Patrice folded her arms across her chest and tried not to think of the look in Trigger's eyes when the knife slid into his belly.

“I have this, at least,” Ferrar said.

He was pulling a canvas tarp from the boat and unfolding it over the grass. “You lie down there. If you get chilled, fold it over yourself. I'll be in the woods.”

“No.”

He paused. A vanishing silhouette. She couldn't speak another word for the tightness in her throat. The moon had fully receded behind the clouds and she was glad for it. She didn't want him to see her. She put her hands to her face and covered her eyes.

“Patrice?”

He'd stepped toward her. She was certain he couldn't see that she was crying but maybe he knew anyway. She stood like that for breath after breath, elbows clamped over her chest and hands to her eyes.
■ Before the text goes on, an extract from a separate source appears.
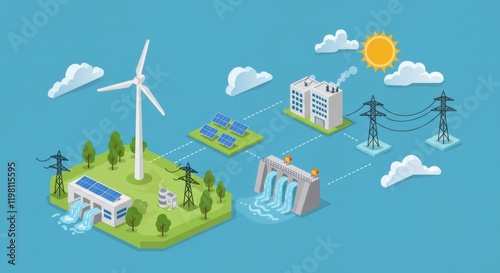 Sustainable Energy Ecosystem: Isometric illustration of a sustainable energy ecosystem, showcasing wind turbines, solar panels, hydroelectric dam, and power transmission lines.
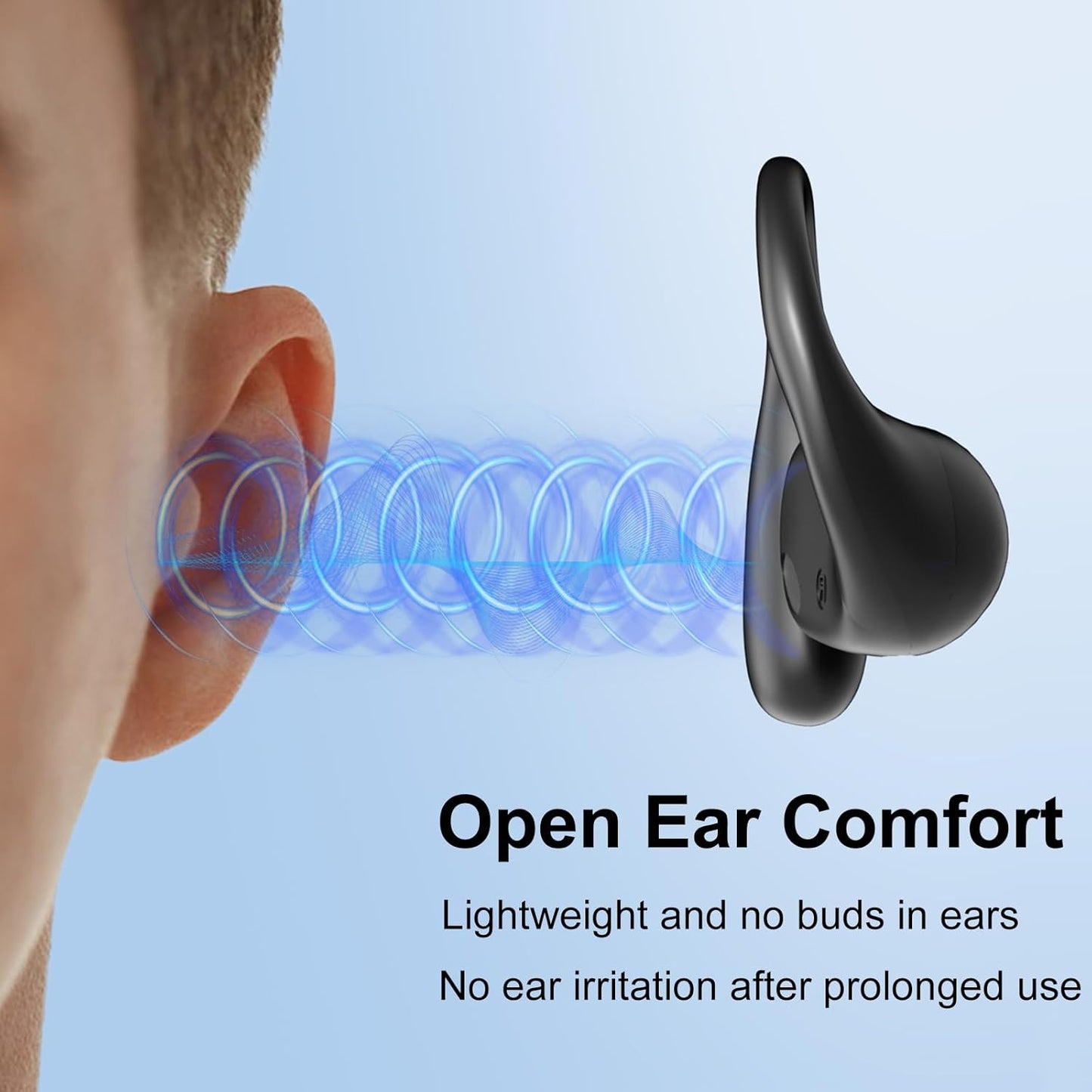 Joysico - Auriculares con cable de oreja abierta con micrófono.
He said, “I know it hurts.”

She nodded though he couldn't see her in the darkness, but she was still unable to make herself speak. Her tears flowed in silence. A minute passed, and then another, and the whole while he just stood there, not saying another single word. She cried and shivered. And then finally, she reached out for him. He opened his arms and let her press her head into his chest. He patted her gently on the shoulder. She kept weeping for Trigger. For Gil and Rosie in that horrible imprisoned state.

*   *   *

HE HADN'T KISSED HER
. Hadn't touched her beyond the comforting way he patted her shoulder. They'd finally settled themselves on the canvas tarp and fallen asleep beneath the dark clouds. He hadn't even so much as draped an arm over her although, when Patrice awoke to find him lying there with her, she wished he had. She didn't fall back to sleep.

When the birds began their predawn restlessness she realized he wasn't sleeping either.

And so she said, “You're awake.”

“Yes. We should both be sleeping.”

She was glad he wasn't.

“The mosquitoes were bad all night long. We should have at least built a fire for the sake of the smoke.”

“I'll build one now if you want.”

“No.” Patrice reached out and took his hand.

His breathing paused. She squeezed his fingers. Such a big hand.

Dawn would come soon.

She said, “How many times have you made this voyage, between New Orleans and Bayou Bouillon?”